10 Best Female Solo Artists
These 10 best female solo artists represent a variety of genres and eras. But the one constant these women share is a drive and originality that sets them apart from the rest of the pack.
- Aretha Franklin. The Queen Of Soul deserves her title. Outside of pop, rock or folk, there is perhaps no other female solo artist as popular in the 60's, having hits like "R.E.S.P.E.C.T." She continues to deliver lyrics in a powerful and emotional way that automatically makes any song she's singing hers alone for that moment.
- Janis Joplin. She proved that white women could sing the blues and that female solo artists could rock. Hailing from working class, coastal Port Arthur, Texas, she turned her southern twang into an urgent rasp that worked just as well on slower numbers ("Mercedes Benz") and soul-rockers ("Piece Of My Heart").
- Patti Smith. A godmother of punk rock, this solo artist burst into the music world in 1975. The complex wordplay in her lyrics reflects her poet background, although her most well-known songs are covers ("Gloria" and "Because The Night") with her own added lines. With her untrained vocal style reminiscent of a rough mix of 60's girl groups and Mick Jagger, sound and feeling merge.
- Cat Power. Emerging in the mid-90's, Chan Marshall (solo artist stage name Cat Power) has gone from minimalist folk and rock to full-on soul. Her earthy, breathy, smokey singing voice manages to sound ethereal as well. It works best anchored by her own primitive, distinctive see-saw guitar or piano but also when backed by a full blues band.

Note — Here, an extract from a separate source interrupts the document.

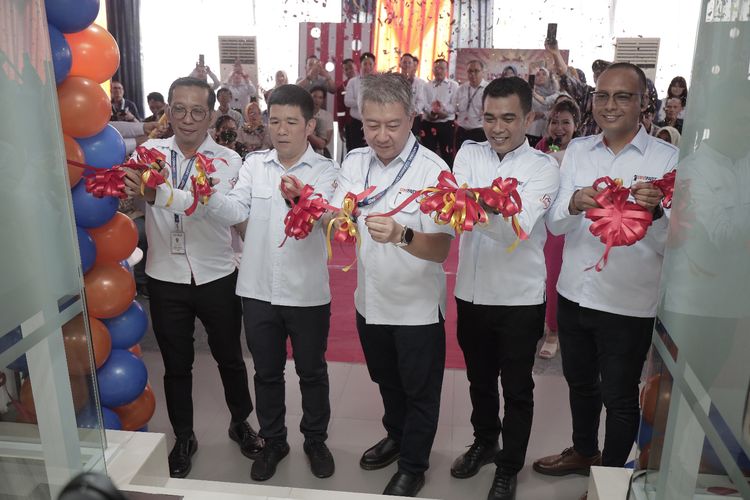 Proses pengguntingan pita dalam peresmian kantor baru PT Carefastindo (Carefast) di Jakarta Barat.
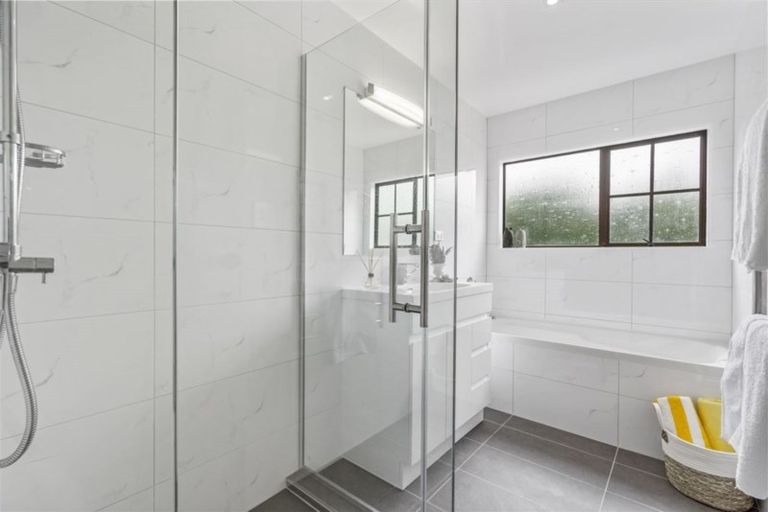 Photo of property in 8 Curacao Place, Half Moon Bay, Auckland, 2012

- Bessie Smith. Popular in the 20's and 30's, she was one of the first female solo artist blues stars. Under her wing, the blues was fleshed out with jazzy flair. But it kept the standard themes of alcohol and double entendres. She sang in a boisterous manner with extended notes.
- Bjork. She is the best known musical solo artist export from Iceland. To call her eccentric would be an understatement. But the flamboyant make-up and costumes don't hide a lack of talent. Her voice is fragile and childlike but also coy and sexual. Some songs have angular electronica while others have a meditative pulse. She even recorded an acapella record as layered as any other. She is pure theater in musical form.

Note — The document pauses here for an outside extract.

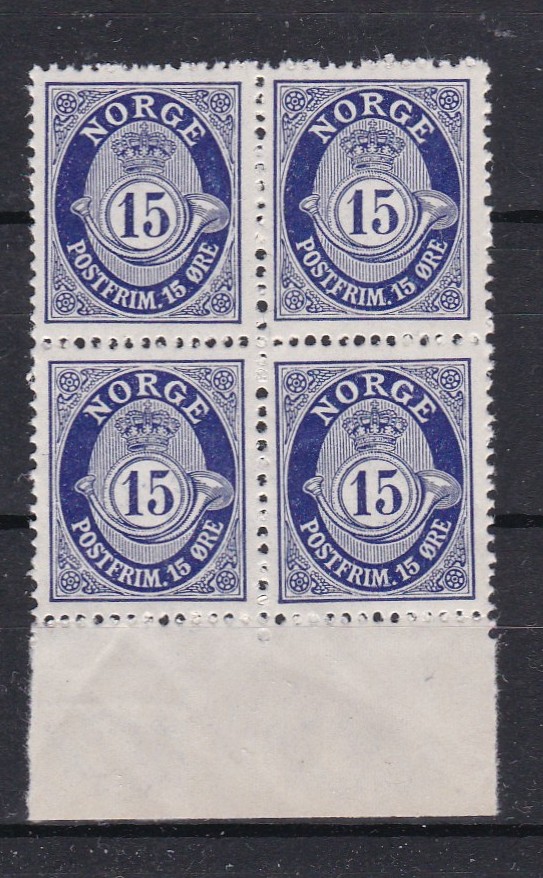 Posthorn 15 øre ( NK 121) 4-blokk postfrisk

- Joan Jett. She began her musical career as a teenager in the 70's as the rhythm guitarist with The Runaways, a highly manufactured, though talented, all-girl punk band. When that band fell apart, she started a solo artist career on her own terms. While catchy as pop tunes, her music ("I Love Rock N' Roll" and "Bad Reputation" for example) is as brash as Iggy Pop before her. She shares a similar sneering vocal style with Billy Idol.

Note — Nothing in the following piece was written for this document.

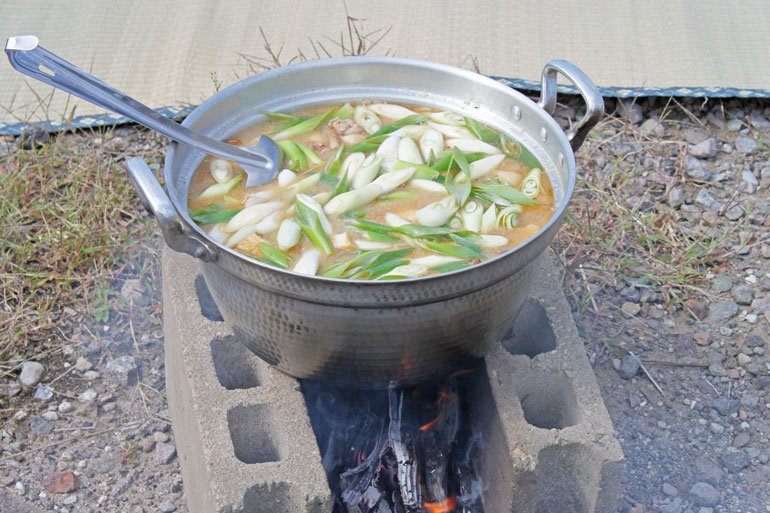 山形の芋煮会とは 味の農園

- Jenny Lewis. She's also the front-woman of Rilo Kiley. As a solo artist, her music runs from country-flavored folk-rock to the soulful side of John Lennon. She is a master at making both slow ("Melt Your Heart") and up-tempo songs ("Carpetbaggers") catchy. There's a beautiful longing in her clear, flowing vocal style that suggests there's more behind the words she's singing. This makes her like the great country singers from Hank Williams to Emmylou Harris.
- Diamanda Galas. She has a chameleon singing voice that fits many types of music from soul to operatic pieces to avant garde goth-rock. Even on her most mainstream album she sings with a demented warble about insanity, hell, murder, etc. Her fascination with the darker side of life adds the dangerousness and uneasiness to her music that makes it interesting.
- Cyndi Lauper. In the '80s, synth-pop like her's ruled. What set her apart from other solo artists was a celebration of weirdness. The oddly-shaped haircut and the full-size Barbie doll earring were part of who she was and not props. Her songs, like "Girls Just Wanna Have Fun," about teenage rebellion and "She Bop," about self-pleasure, are all sung in her expressive, bright voice. She has maintained a solo artist career of smart pop and even released a blues album in 2010.